# AVAILABLE DATA
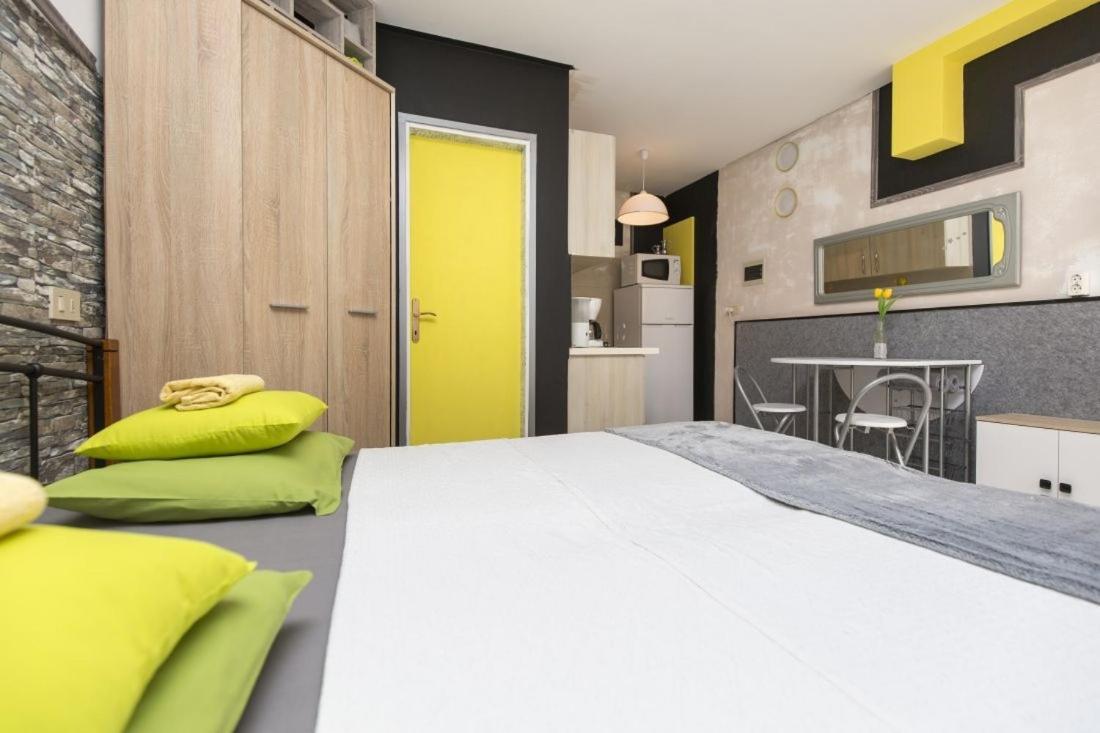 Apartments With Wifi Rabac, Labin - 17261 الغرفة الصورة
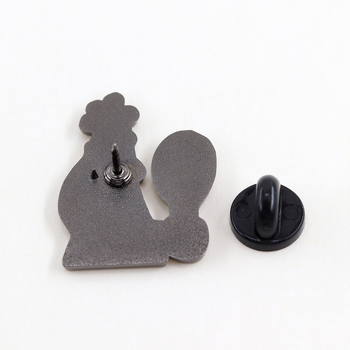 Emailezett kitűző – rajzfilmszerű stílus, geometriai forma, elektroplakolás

* * *

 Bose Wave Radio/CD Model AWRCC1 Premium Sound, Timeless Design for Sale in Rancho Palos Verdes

# TASK GOAL
Respond with the exact lines above running from the one containing "Apartments With Wifi" to the one containing "Emailezett kitűző –", both ends kept and no pictures included.

# RESULT FOR THIS EXERCISE
 Apartments With Wifi Rabac, Labin - 17261 الغرفة الصورة
 Emailezett kitűző – rajzfilmszerű stílus, geometriai forma, elektroplakolás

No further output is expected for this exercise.